Les résultats d’une méta-analyse de méta-analyses montrent que le régime méditerranéen a un impact bénéfique sur la mortalité (toute cause confondue), sur les maladies cardiovasculaires, sur le diabète, sur l’incidence du cancer et sur les maladies neurodégénératives. Des études ont montré qu’effectuer pendant 3 mois, ce régime diminuerait l’activité de la maladie chez des patients ayant une polyarthrite rhumatoïde stable et modérément active, améliorerait la forme physique et la vitalité, et diminuerait la douleur des patients. Comment ? En diminuant le phénomène inflammatoire (Skoldstam et al., 2003). Le gros avantage de ce régime est une bonne adhérence, car il n’implique pas des restrictions alimentaires extrêmes.
- Incorporer des prébiotiques et des probiotiques dans l’alimentation : ils permettent ensemble une meilleure absorption des différents minéraux et vitamines amenés dans l’intestin par le biais de l’alimentation. Les prébiotiques améliorent également la fonction digestive, les défenses immunitaires naturelles, la santé cardio-métabolique (réduction des lipides sanguins, augmentation de la résistance à l’insuline), et ils stimulent la satiété en réduisant l’appétit, ils réduisent le risque d’allergie et améliorent la santé mentale. Les probiotiques contribuent au bon fonctionnement du système digestif et du système immunitaire, ils aident à améliorer la fonction barrière de l’intestin, à digérer le lactose chez les intolérants, à réduire l’inconfort digestif et à diminuer le risque et la durée des infections intestinales, respiratoires et vaginales, et à réduire les coliques chez le bébé et l’eczéma chez les enfants (Hill et al., 2014 ; Gibson et al., 2017).
👉 Ce qu’il faut éviter ?
- Éviter le « Western Diet » : c'est une alimentation riche en graisses, en sel, en sucres et en protéines animales, mais pauvre en fibres. Elle favorise la sécrétion d’acides biliaires qui sont toxiques pour les cellules épithéliales de l’intestin, car elles induisent la mort des cellules épithéliales et peuvent perturber les jonctions serrées se trouvant entre ces cellules, induisant un « Leaky Gut » et une réponse pro-inflammatoire.

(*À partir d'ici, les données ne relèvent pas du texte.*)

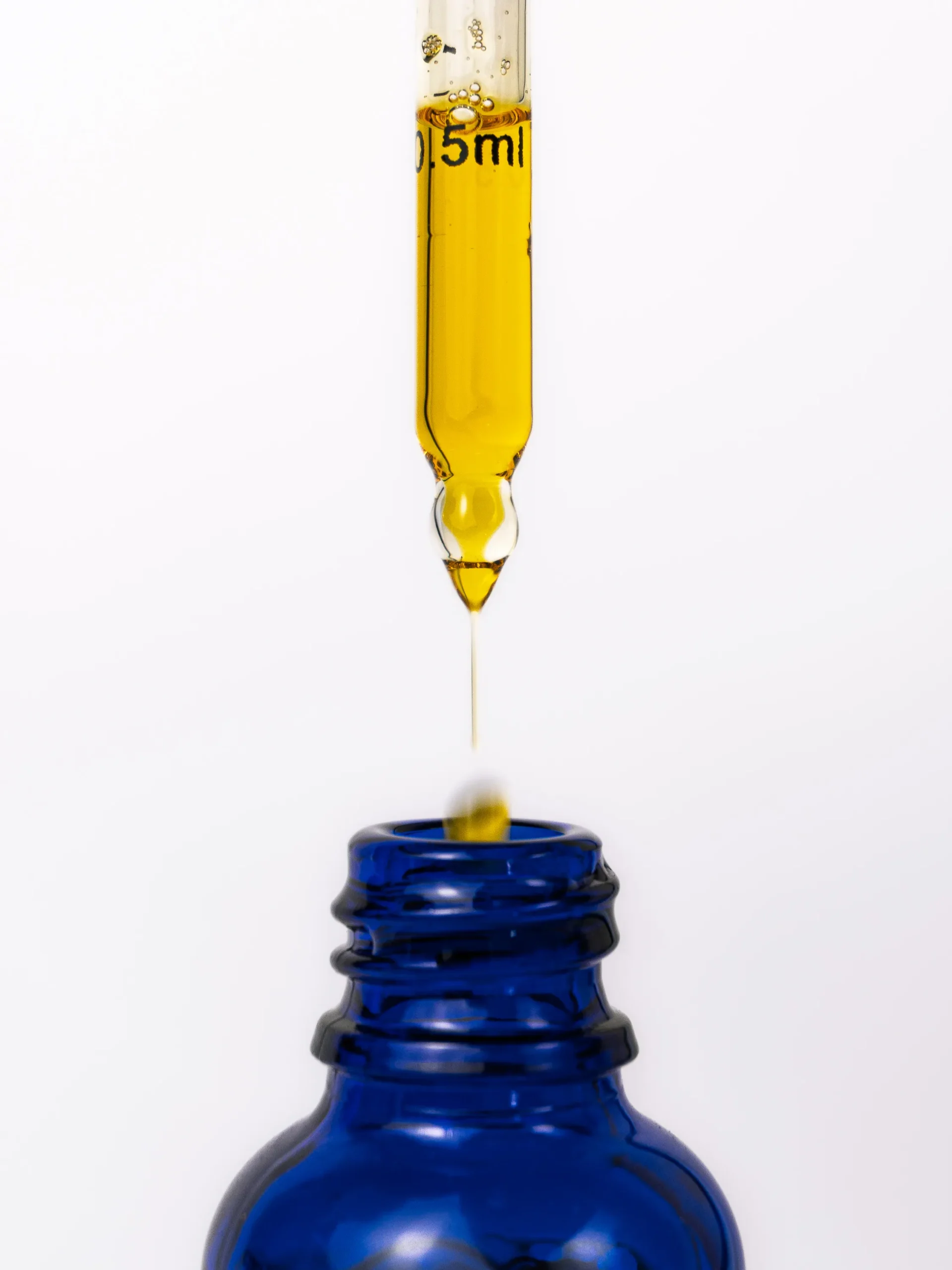 pipette_elixir_botanique_anti_age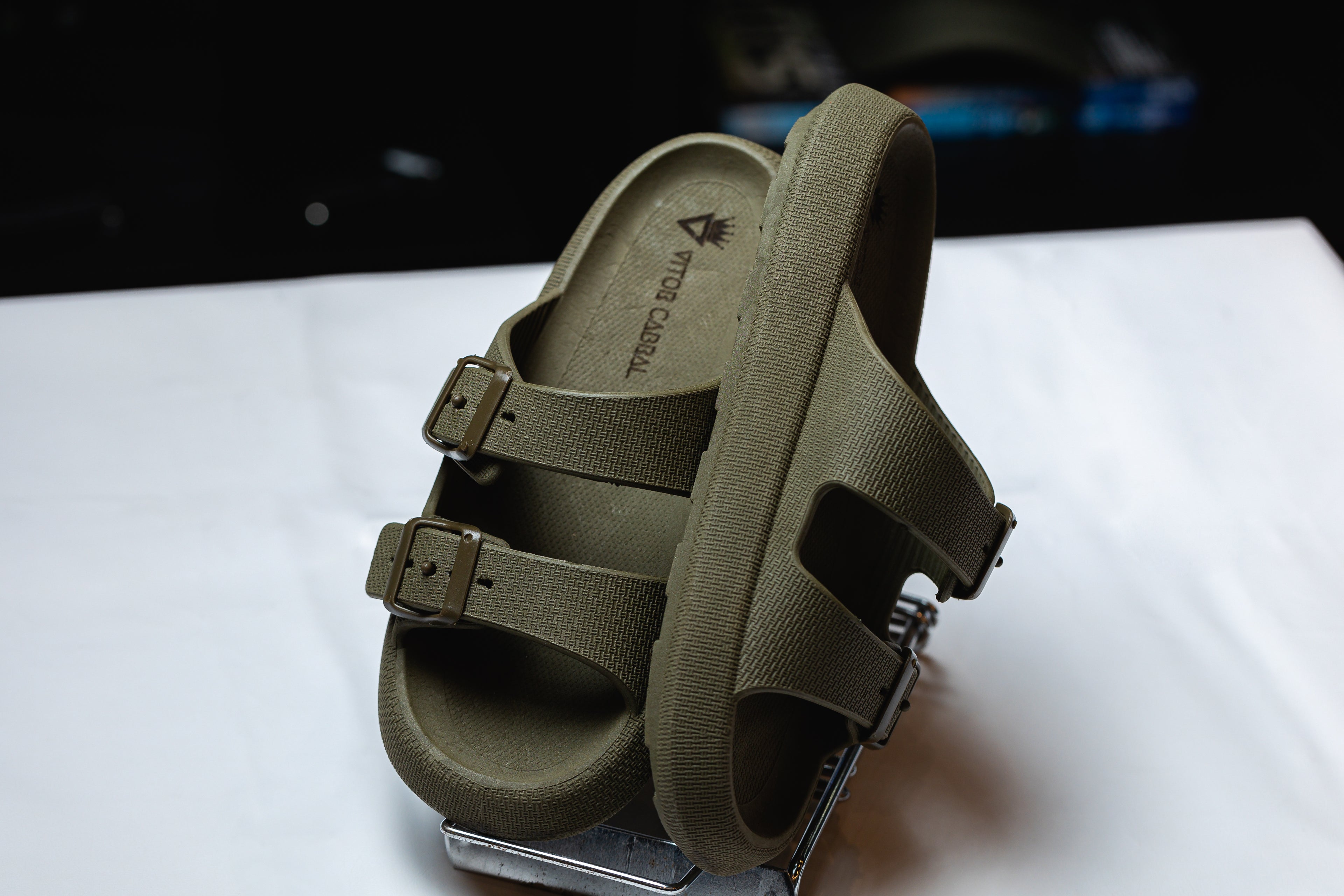 Birken Nuvem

Un régime riche en sucre comme le « Western Diet » peut mener, sur le long terme, à une augmentation du glucose sanguin et à une résistance à l’insuline, aboutissant souvent à un diabète de type II. Outre le glucose, une augmentation des concentrations en fructose sous forme de saccharose (fructose + glucose) peut également se retrouver dans les alimentations riches en sodas, en biscuits, … La métabolisation intestinale du fructose au niveau intestinale est notamment connue pour avoir un effet délétère sur les jonctions serrées entre les cellules épithéliales, ce qui augmente la perméabilité intestinale et induit une endotoxémie métabolique qui favorise le développement de la maladie hépatique non-alcoolique et de la résistance à l’insuline (Jensen et al., 2018). Il est aussi associé à une élévation des triglycérides sanguins et des lipides hépatiques. Il interfère également avec le métabolisme de l’acide urique et peut être responsable des crises de goutte.